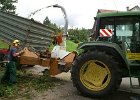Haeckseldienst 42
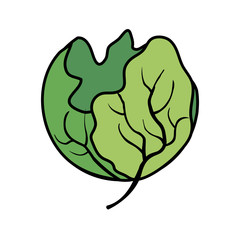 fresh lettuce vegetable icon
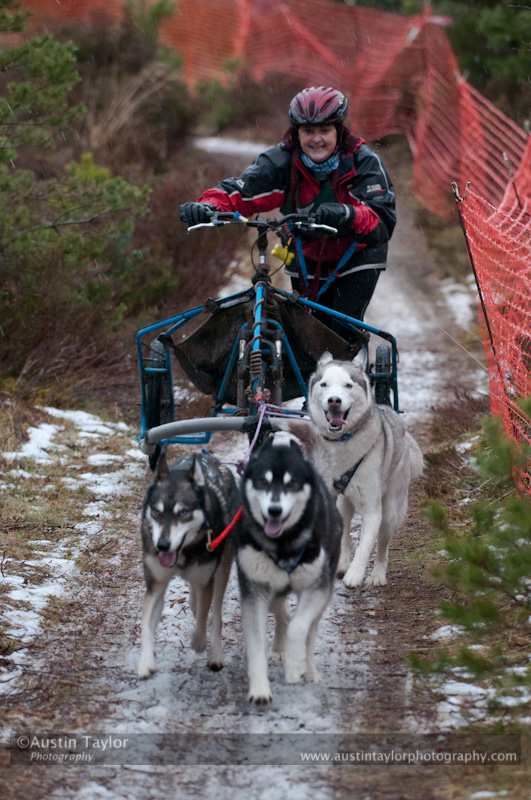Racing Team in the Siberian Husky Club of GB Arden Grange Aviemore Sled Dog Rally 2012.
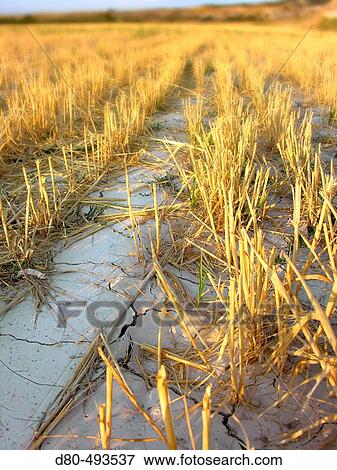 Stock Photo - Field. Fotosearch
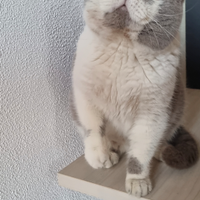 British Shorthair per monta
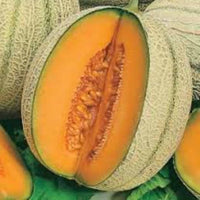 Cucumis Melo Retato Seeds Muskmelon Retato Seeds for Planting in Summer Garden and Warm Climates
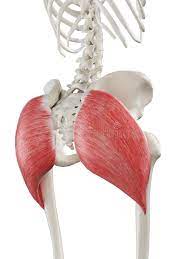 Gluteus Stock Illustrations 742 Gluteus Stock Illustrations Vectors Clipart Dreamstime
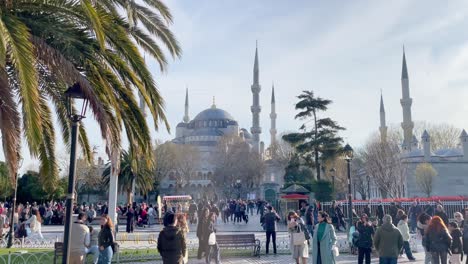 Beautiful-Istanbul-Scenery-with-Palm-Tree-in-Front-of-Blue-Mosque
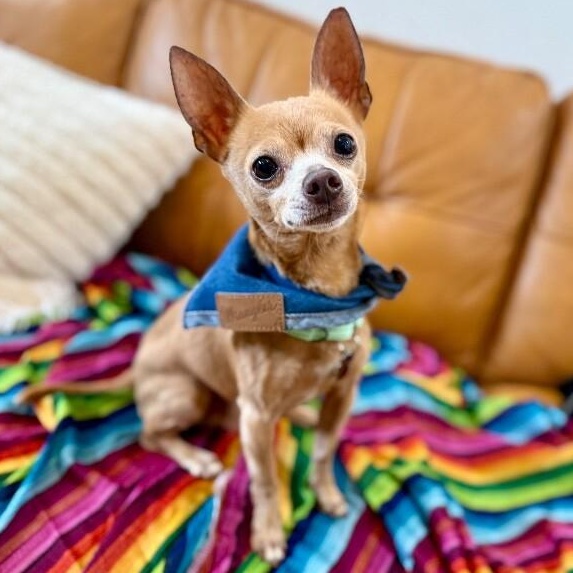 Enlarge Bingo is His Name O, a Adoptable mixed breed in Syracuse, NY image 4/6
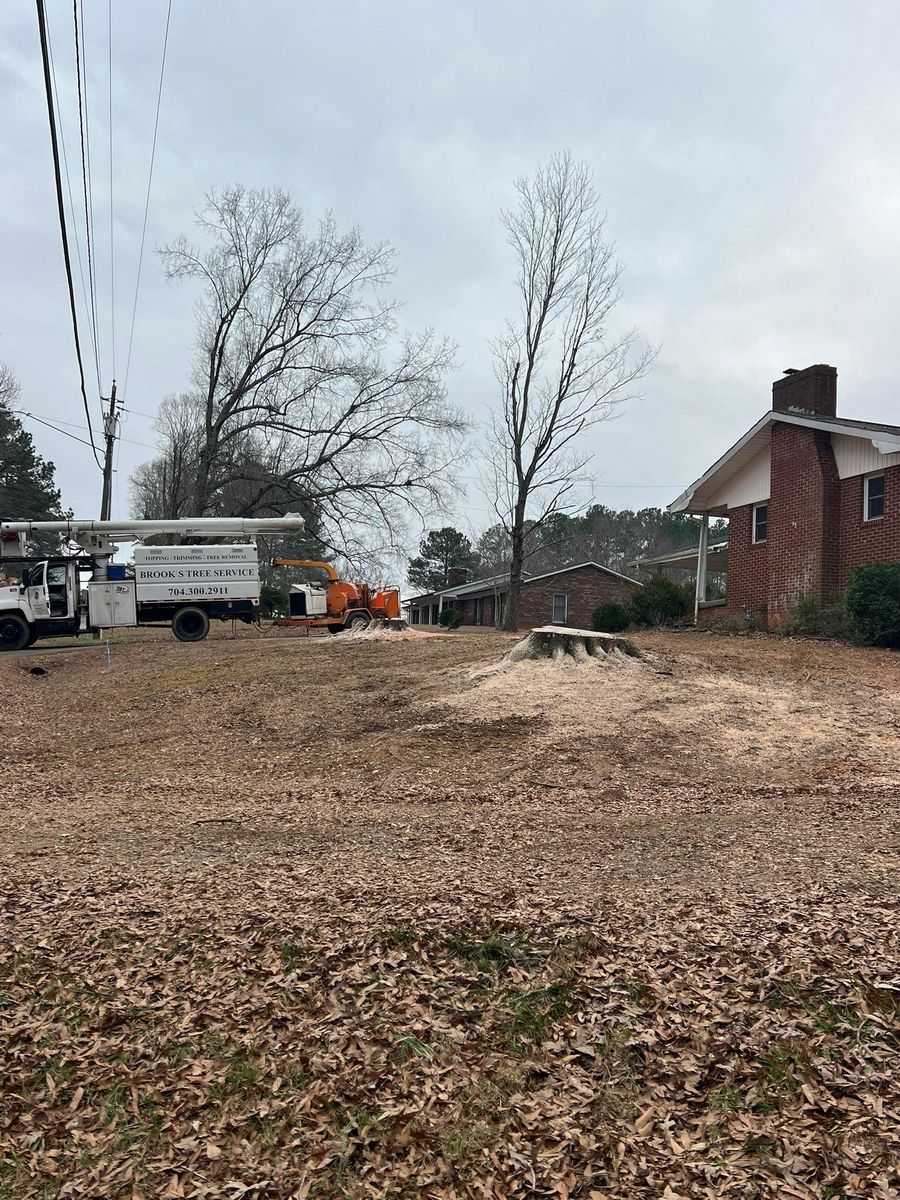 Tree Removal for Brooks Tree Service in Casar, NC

-----

__What to do__: The data above must be given back verbatim, minus its images.

__Exercise result__:
Haeckseldienst 42
 fresh lettuce vegetable icon
Racing Team in the Siberian Husky Club of GB Arden Grange Aviemore Sled Dog Rally 2012.
 Stock Photo - Field. Fotosearch
 British Shorthair per monta
 Cucumis Melo Retato Seeds Muskmelon Retato Seeds for Planting in Summer Garden and Warm Climates
 Gluteus Stock Illustrations 742 Gluteus Stock Illustrations Vectors Clipart Dreamstime
 Beautiful-Istanbul-Scenery-with-Palm-Tree-in-Front-of-Blue-Mosque
 Enlarge Bingo is His Name O, a Adoptable mixed breed in Syracuse, NY image 4/6
 Tree Removal for Brooks Tree Service in Casar, NC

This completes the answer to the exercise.